··· SUPPLIED RECORDS ···

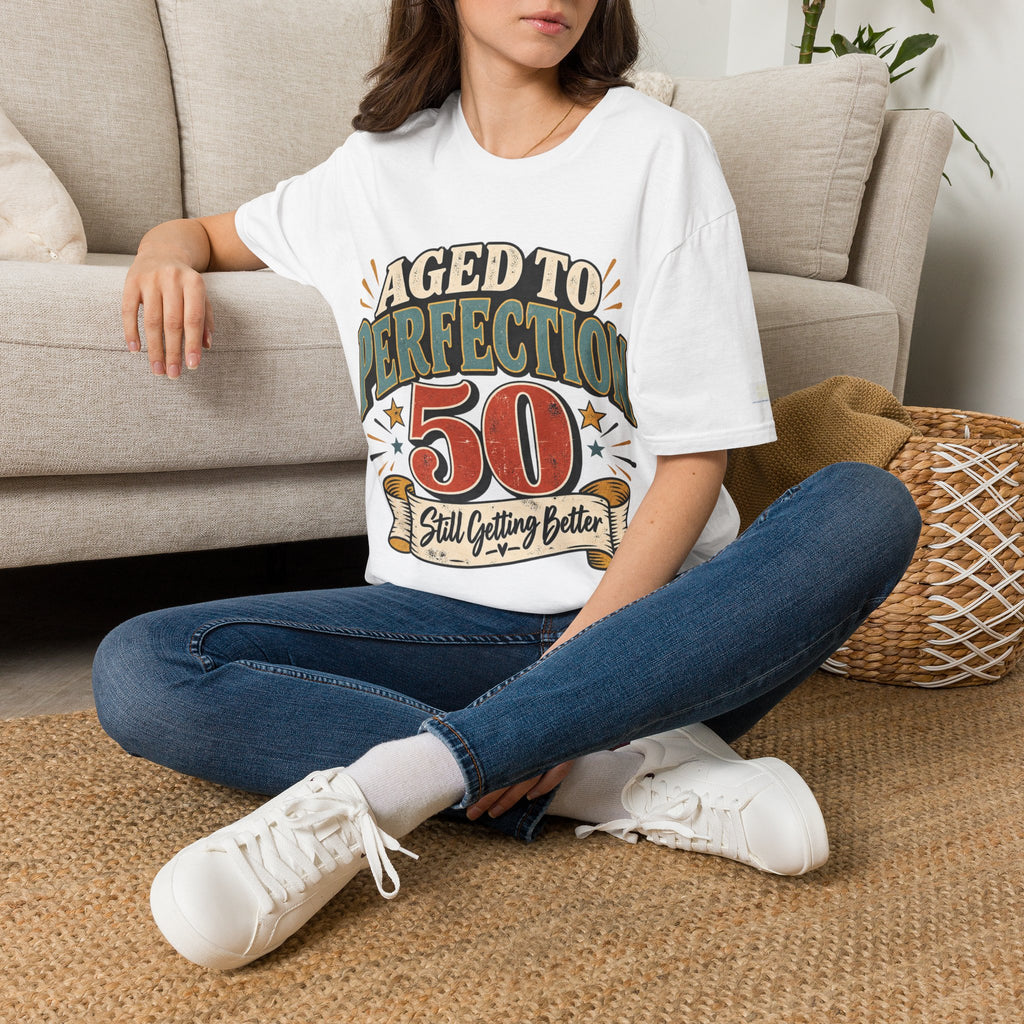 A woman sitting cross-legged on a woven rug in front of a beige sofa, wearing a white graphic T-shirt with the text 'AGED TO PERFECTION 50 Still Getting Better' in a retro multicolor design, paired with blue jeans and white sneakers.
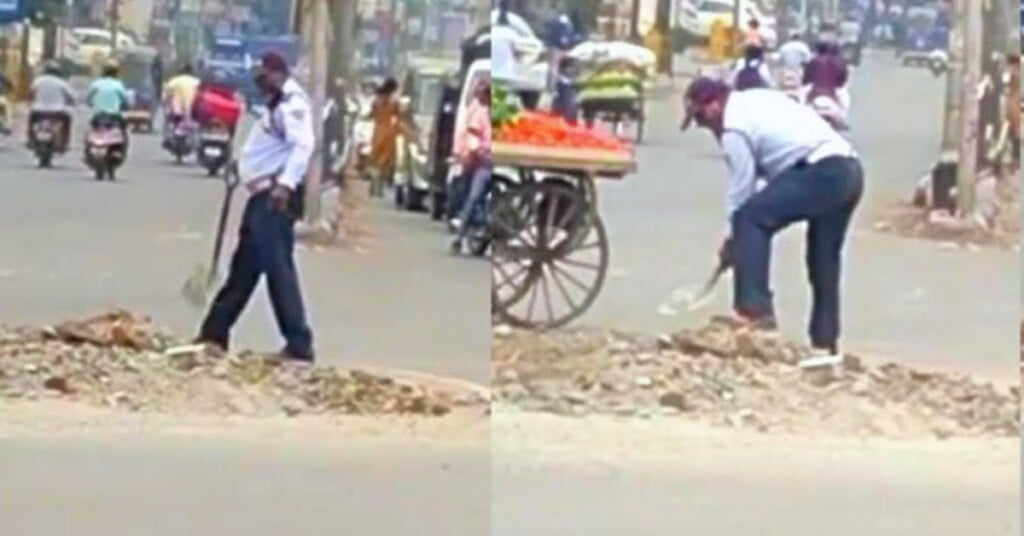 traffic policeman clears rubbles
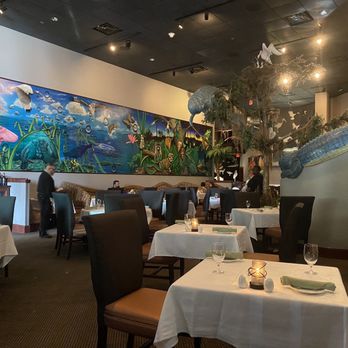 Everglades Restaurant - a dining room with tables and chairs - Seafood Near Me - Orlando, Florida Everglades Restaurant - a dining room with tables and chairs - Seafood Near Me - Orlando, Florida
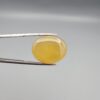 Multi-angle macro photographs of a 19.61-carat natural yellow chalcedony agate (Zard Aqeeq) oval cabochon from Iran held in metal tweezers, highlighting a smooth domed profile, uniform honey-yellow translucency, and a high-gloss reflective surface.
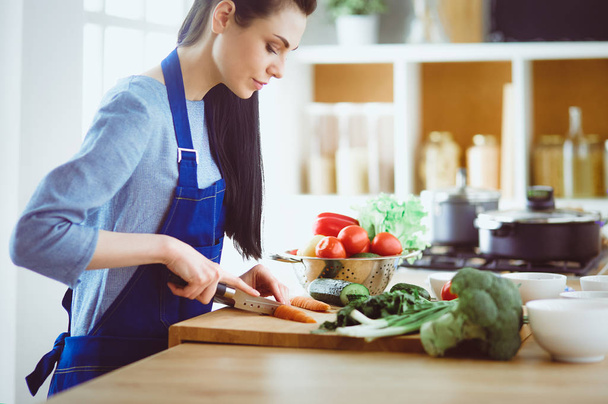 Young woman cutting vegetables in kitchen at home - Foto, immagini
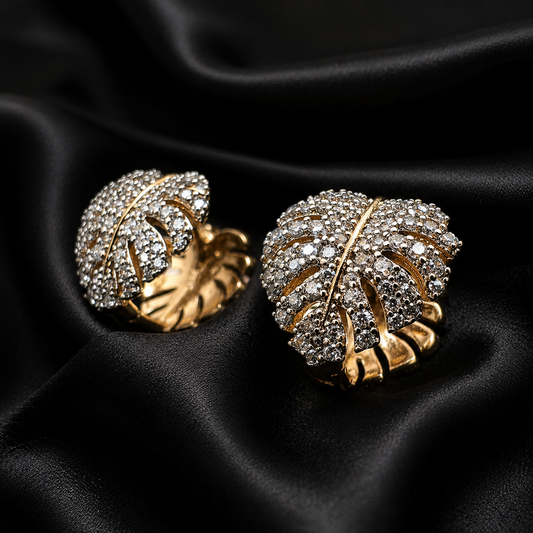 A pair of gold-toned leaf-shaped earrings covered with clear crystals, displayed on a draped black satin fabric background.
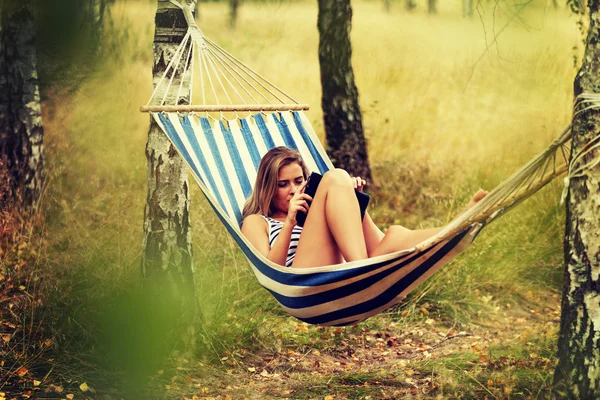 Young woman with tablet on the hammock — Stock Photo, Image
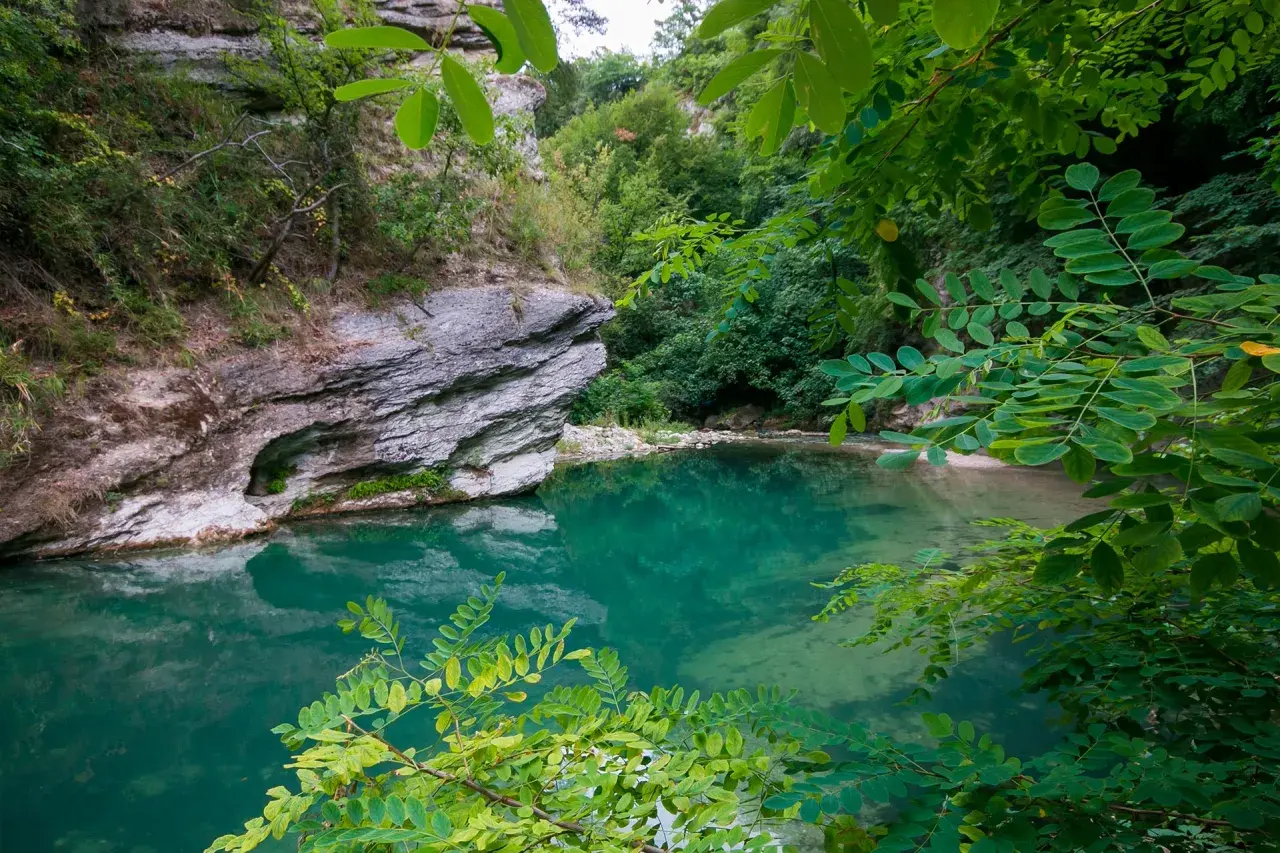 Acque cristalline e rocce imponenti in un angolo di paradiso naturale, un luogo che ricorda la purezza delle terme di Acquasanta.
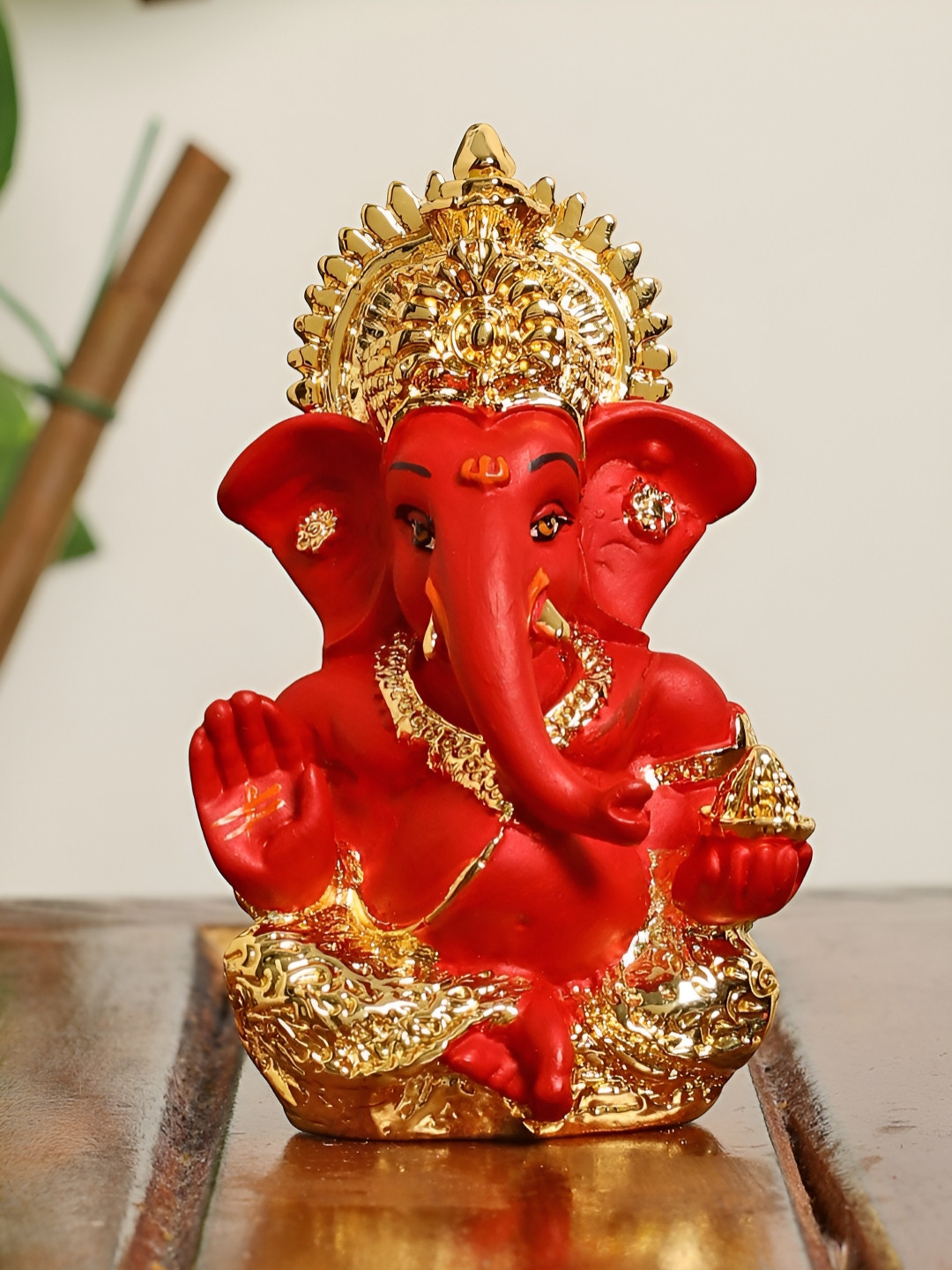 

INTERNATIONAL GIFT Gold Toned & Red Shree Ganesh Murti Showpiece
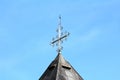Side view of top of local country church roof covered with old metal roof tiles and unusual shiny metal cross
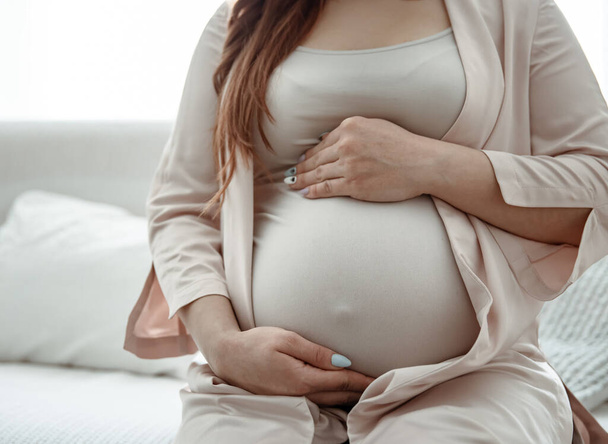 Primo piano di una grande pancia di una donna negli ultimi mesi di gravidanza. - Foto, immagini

···

## WORK REQUIRED
Excluding the pictures, restate word for word the lines from the one that holds "Young woman with" through the last line of the entries, both ends included.

## SOLUTION TO THE EXERCISE
 Young woman with tablet on the hammock — Stock Photo, Image
 Acque cristalline e rocce imponenti in un angolo di paradiso naturale, un luogo che ricorda la purezza delle terme di Acquasanta.

INTERNATIONAL GIFT Gold Toned & Red Shree Ganesh Murti Showpiece
Side view of top of local country church roof covered with old metal roof tiles and unusual shiny metal cross
 Primo piano di una grande pancia di una donna negli ultimi mesi di gravidanza. - Foto, immagini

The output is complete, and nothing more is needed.